Monte Carlo policy evaluation (for \(Q^\pi\)).
We initialize a policy \(\pi\) (often \(\varepsilon\)-soft). Run an episode:
\(\pi: S_0, A_0, R_1, \dots, S_{T-1}, A_{T-1}, R_T\)
Imagine a grid-world where states are angle and angular rate (these could represent anything in practice). We play an episode and obtain a trajectory (dark to pale over time).

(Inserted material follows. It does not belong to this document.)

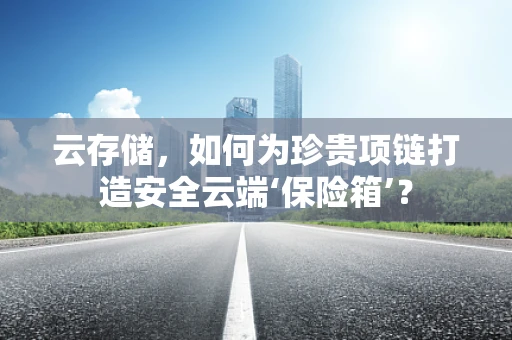 云存储，如何为珍贵项链打造安全云端‘保险箱’？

Work backward from the terminal state using returns (the return for a state-action pair is the discounted sum of rewards after taking that pair):
$$
G_t(s_t, a_t) = R_{t+1} + \gamma G_{t+1},
$$
with \(G_{t+1}\) the accumulated return beyond the next step. Example along a path:
$$
Q_\pi(\{6,7\}, A_{T-1}) = 5 + 0 = 5, \qquad
Q_\pi(\{5,7\}, A_{T-2}) = 5 + \gamma \cdot 5, \dots
$$
Unifying samples across episodes.
For each state-action pair, store the list of observed returns and take the average:
$$
Q(S_t, A_t) = \text{Average}(G_t).
$$
Memory considerations.
\(N\) episodes of length \(M\) imply \(N \times M\) stored returns. To avoid unbounded memory, use an incremental mean:
$$
Q(s_t, a_t) = \frac{(N-1) \cdot Q_{\text{old}}(s_t, a_t)}{N} + \frac{G_t}{N},
$$
which only needs a running mean and a visit count per state-action pair.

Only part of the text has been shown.